Data:     wisconsin(sqrt(varespec)) 
Distance: bray 

Dimensions: 2 
Stress:     0.1825658 
Stress type 1, weak ties
Best solution was repeated 2 times in 20 tries
The best solution was from try 7 (random start)
Scaling: centring, PC rotation, halfchange scaling 
Species: expanded scores based on 'wisconsin(sqrt(varespec))' 

Maybe the most important value here is the stress value. We had a 0.18 value, which vegan labels as “weak ties”. For NMDS, stress is a measure of the goodness of fit, and we use the following values to make a decision on the fit:

stress value Goodness of fit
>0.2 Not good. Use a different method.
<0.2 & >0.1 OK. But ties are weak
<0.1 & >0.05 Great
<0.05 Excellent

We can also obtain a stressplot:

stressplot(NMDS1)

In NMDS linearity is not assumed (in PCA it is!) However monotonicity is. This is a monotonic plot, as it only move up in the y axis as x increases, however it is not linear. This plot shows the relationship between the observed dissimilarity, and the ordination distance., We want this plot to have a high \(R^2\) (think of it as comparison of observed and predicted, or observed and calculated).

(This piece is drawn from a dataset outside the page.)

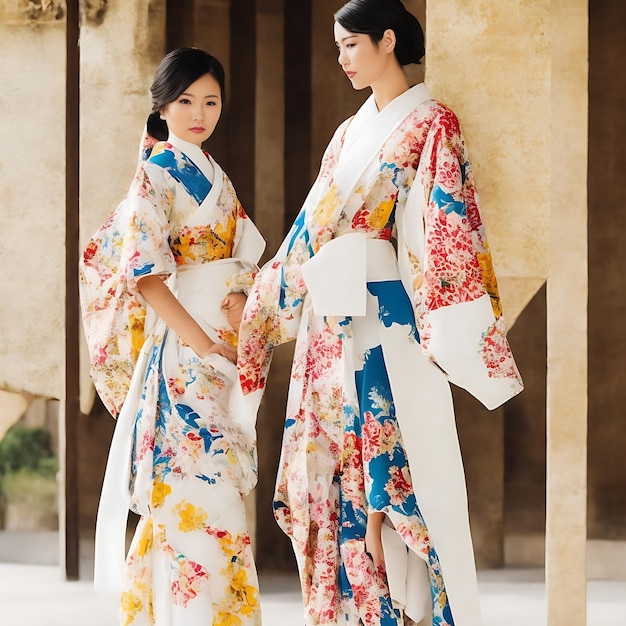 Una svolta moderna del classico kimono giapponese indossato dalle donne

If you are wondering how stress is calculated, it is calclulating using the following equation:

\[ R^2 = 1-S^2 \]

where \(R^2\) is the non-metric fit \(R^2\) while \(S^2\) is stress squared.

Let’s plot the NMDS! First let’s plot the sites:

ordiplot(NMDS1,type="n")
orditorp(NMDS1, display = "sites", cex = 1.1, air = 0.01)

Assignment question 6

Look at the NMDS plot and answer: How different are your NMDS results from the PCA ones?

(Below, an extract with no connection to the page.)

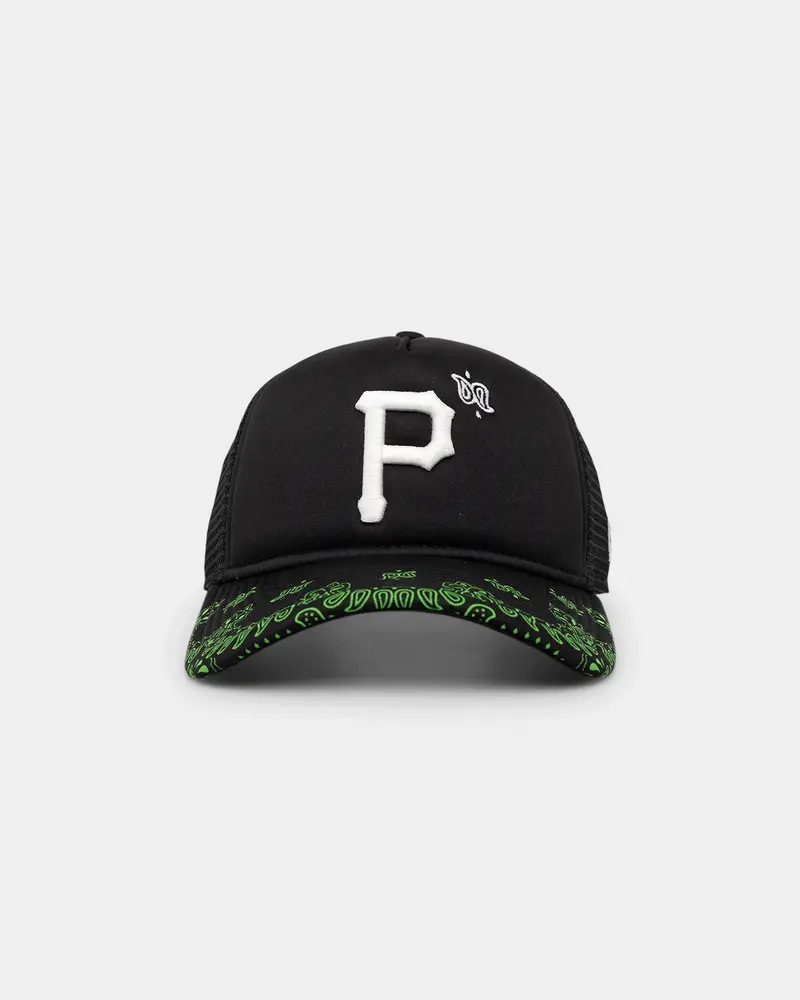 New Era Pittsburgh Pirates 'Glow In The Dark' 9Forty A-Frame Trucker Snapback Black/Neon Green 1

Finally, let’s plot the species and then both plots

ordiplot(NMDS1,type="n")

orditorp(NMDS1, display = "species", cex = 0.5, air = 0.01,col="red")

plot(NMDS1, type = "t")

Cool! I am happy to talk more about multivariate methods and about these analyses on a one to one basis if needed, but this is the end of this (your last!) assignment.